**Work item:** The reply should hold only the lines below beginning at the one with "Capsule éclatée d’une" and ending at the one with "提供一例小开窗和内窥镜手术后患者的伤口照片请参考", copied exactly, with every picture left out.

(Records from a collection)
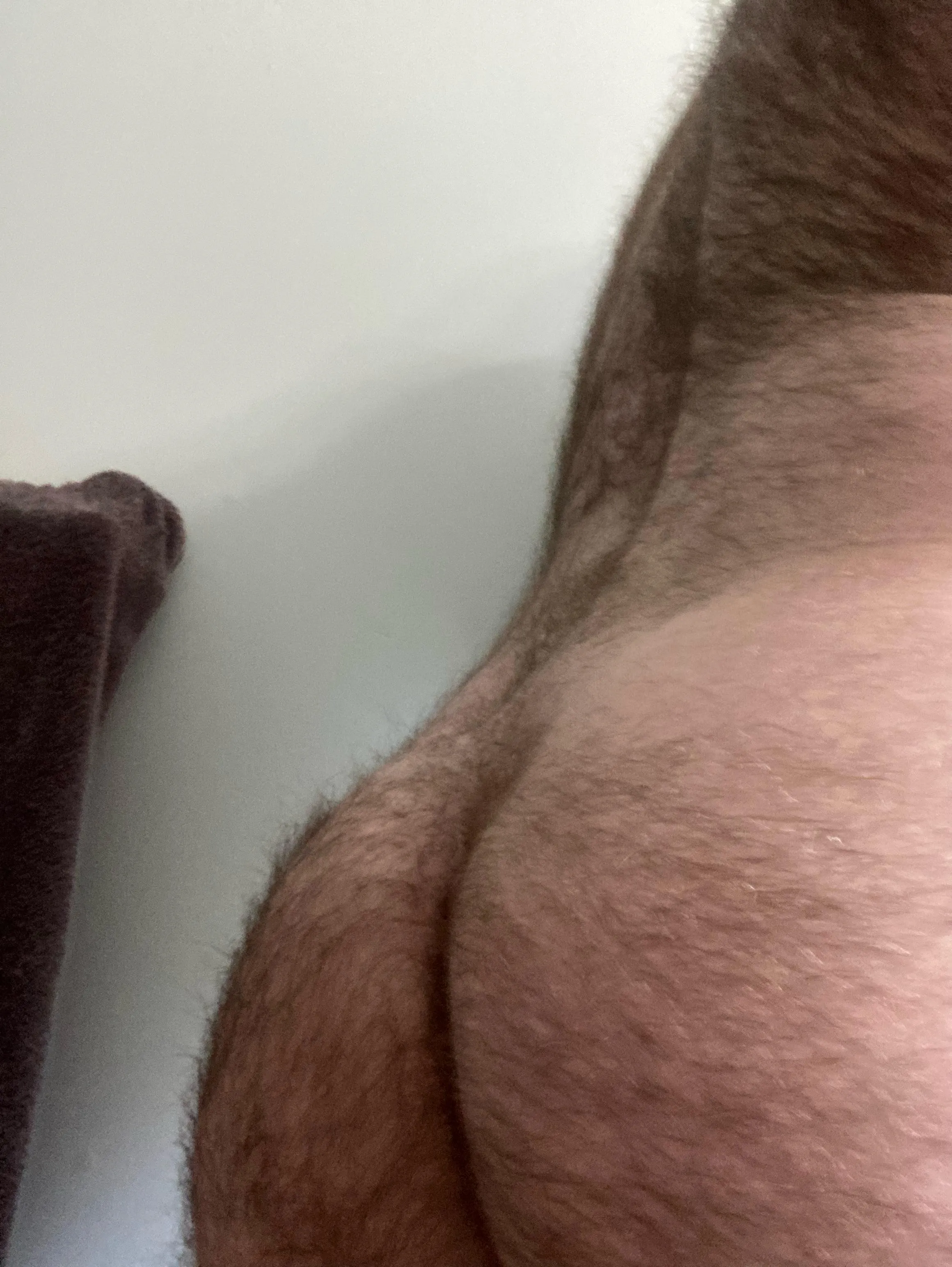 Hairy cheeks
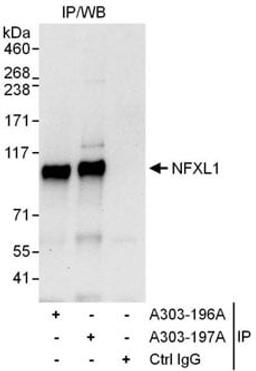 Detection of human NFXL1 by western blot of immunoprecipitates.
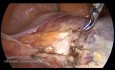 Directive ESGE sur l'hystérectomie laparoscopique totale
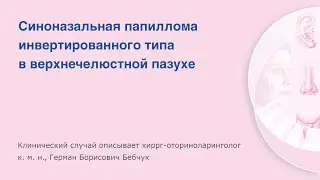 Синоназальная папиллома инвертированного типа в верхнечелюстной пазухе справа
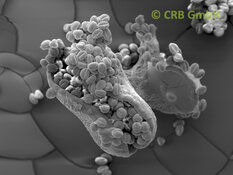 Capsule éclatée d’une Euphorbia leuconeura | © CRB Analyse Service GmbH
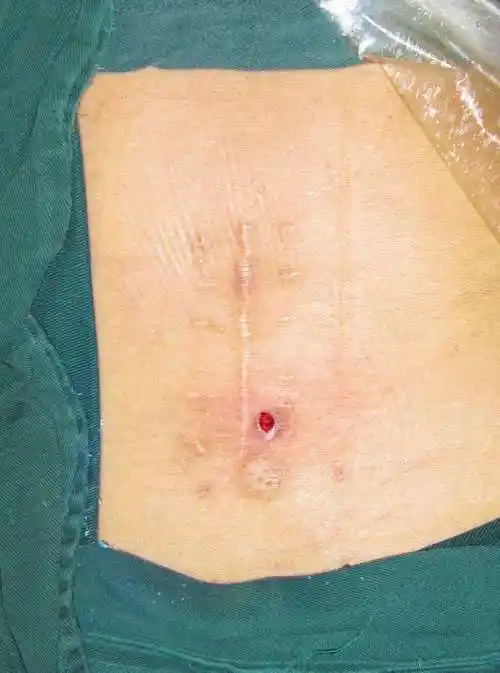 提供一例小开窗和内窥镜手术后患者的伤口照片请参考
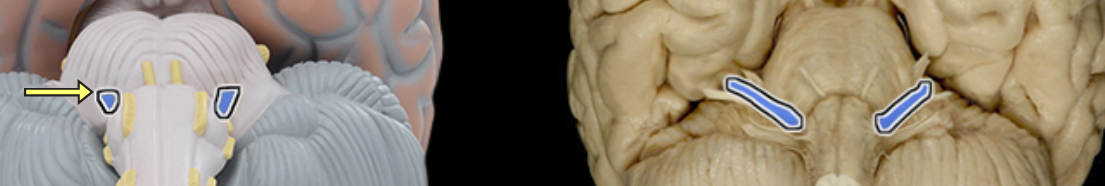 <p>Location:</p><ul><li><p>Posterior cranial fossa</p></li><li><p>Facial canal</p></li><li><p>Middle ear</p></li><li><p>Face</p></li><li><p>Infratemporal fossa</p></li><li><p>Oral cavity</p></li></ul><p>Composition:</p><ul><li><p>Motor</p></li><li><p>General sensation</p></li><li><p>Special sensation</p></li><li><p>Parasympathetic</p></li></ul><p>Motor:</p><ul><li><p>Muscles of facial expression</p></li><li><p>Posterior belly of digastric muscle</p></li><li><p>Stylohyoid muscle</p></li><li><p>Stapedius muscle</p></li></ul><p>General sensation:</p><ul><li><p>Small area of skin of auricle of ear</p></li></ul><p>Special sensation:</p><ul><li><p>Taste from anterior 2/3 of tongue</p></li><li><p>Taste from palate</p></li></ul><p>Parasympathetic:</p><ul><li><p>Lacrimal gland</p></li><li><p>Submandibular and sublingual salivary glands</p></li><li><p>Mucous glands of nasal cavity, paranasal sinuses, and palate</p></li></ul><p>CNS connection:</p><ul><li><p>Motor: pons (motor nucleus of facial nerve)</p></li><li><p>General sensation: medulla oblongata (spinal trigeminal nucleus)</p></li><li><p>Special sensation: medulla oblongata (nucleus of solitary tract)</p></li><li><p>Parasympathetic: medulla oblongata (superior salivatory nucleus</p></li></ul><p>Sensory ganglion:</p><ul><li><p>Geniculate</p></li></ul><p>Cranial foramina:</p><ul><li><p>Internal acoustic meatus</p></li><li><p>Pterygomaxillary fissure</p></li><li><p>Stylomastoid foramen</p></li></ul><p>Also known as:</p><ul><li><p>CN VII</p></li></ul><p>Comment:</p><ul><li><p>Special sensory and parasympathetic axons, together, form the chorda tympani nerve</p></li><li><p>Postganglionic parasympathetic nerve cell bodies located in pterygopalatine and submandibular ganglia</p></li></ul><p></p>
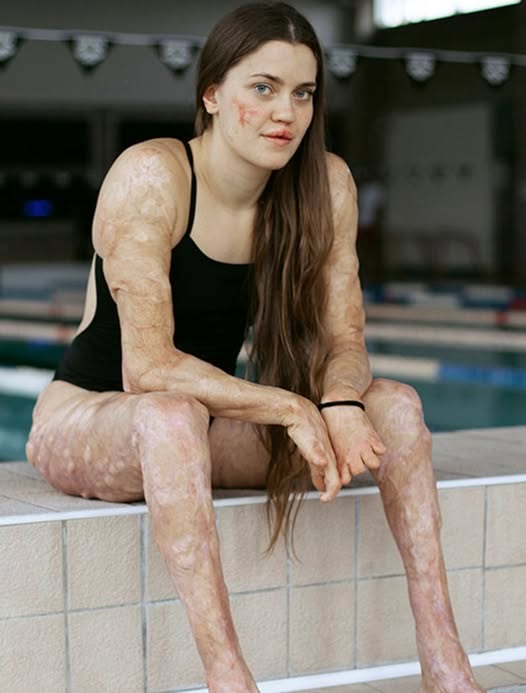 These are the consequences of sleeping with the…See more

**Worked solution:**
 Capsule éclatée d’une Euphorbia leuconeura | © CRB Analyse Service GmbH
 提供一例小开窗和内窥镜手术后患者的伤口照片请参考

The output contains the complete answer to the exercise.